X-ray spectroscopy in the microcalorimeter era I: Effects of Fe XXIV Resonance Auger Destruction on Fe XXV K$\alpha$ spectra

TL;DR

This paper investigates how Resonance Auger Destruction (RAD) affects Fe XXV Kα spectra in astrophysical environments, revealing significant photon destruction in dense, optically thick clouds and implications for spectral interpretation.

Contribution

It extends the understanding of RAD effects on Fe XXV Kα lines across a wide range of column densities using CLOUDY simulations, highlighting the impact on line intensities.

Findings

Approximately 32% of x photons are destroyed at high column densities due to RAD.

The y line intensity decreases by up to 2% because of RAD effects.

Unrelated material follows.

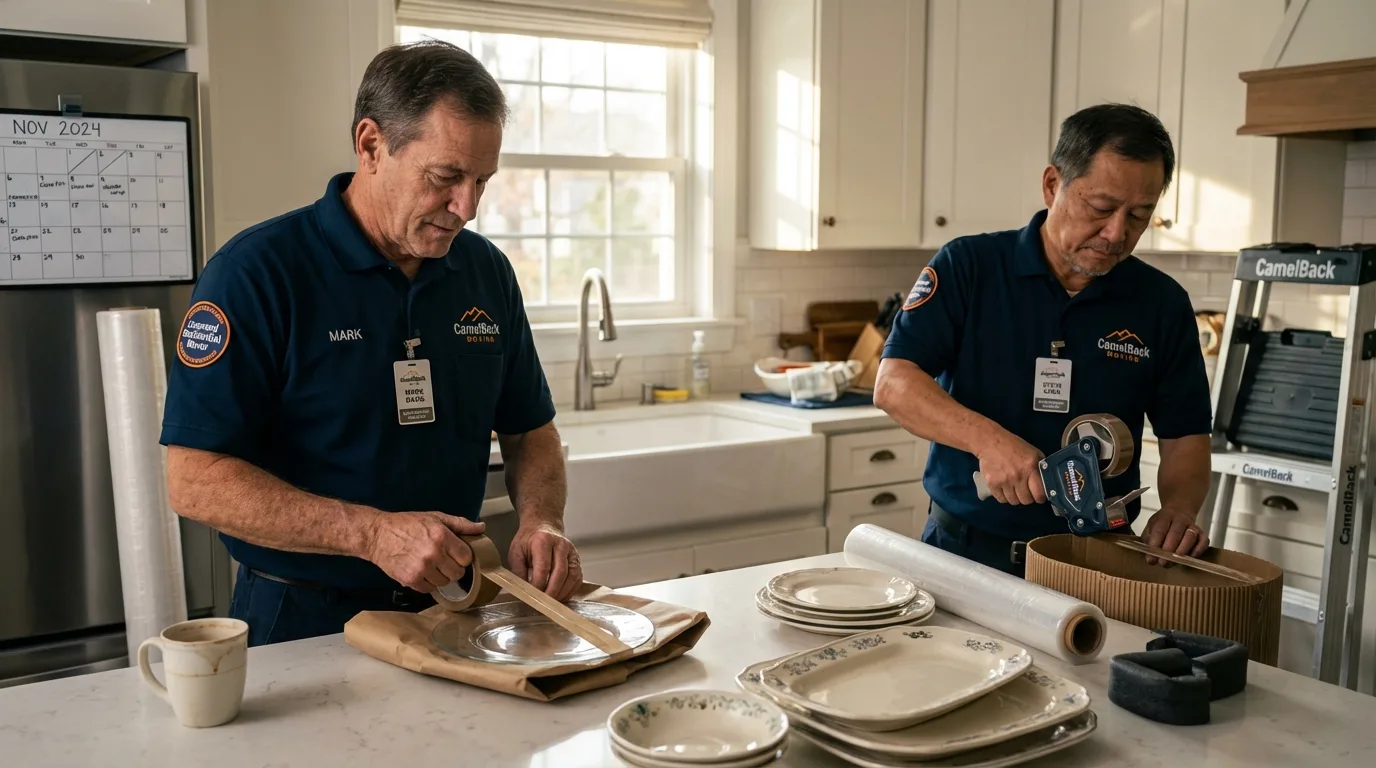 Professional crew packing kitchen dishware in Sharon, PA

z line remains unaffected by RAD but may be slightly enhanced through photon conversion.

Abstract

We discuss the importance of Fe$^{23+}$ in determining the line intensities of the Fe XXV K$\alpha$ complex in an optically thick cloud, and investigate the prediction of Liedahl (2005) on Resonance Auger Destruction (RAD) with CLOUDY. Although initially motivated by the Perseus cluster, our calculations are extended to the wide range of column densities encountered in astronomy. A Fe XXV line photon can change/lose its identity upon absorption by three-electron iron as a result of "line interlocking". This may lead to the autoionization of the absorbing ion, ultimately destroying the Fe XXV K$\alpha$ photon by RAD. Out of the four members in the Fe XXV K$\alpha$ complex, a significant fraction of the x line photons is absorbed by Fe$^{23+}$ and destroyed, causing the x line intensity to decrease. For example, at a hydrogen column density of 10$^{25}$ cm$^{-2}$, $\sim$ 32\% of x photons are destroyed due to RAD while w is mostly unaffected. The line intensity of y is slightly ($\leq$2\%) reduced. z is not directly affected by RAD, but the contrasting behavior between z and x line intensities points towards the possible conversion of a tiny fraction ($\sim$ 2\%) of x photons into z photons. The change in line intensities due to Electron Scattering Escape (ESE) off fast thermal electrons is also discussed.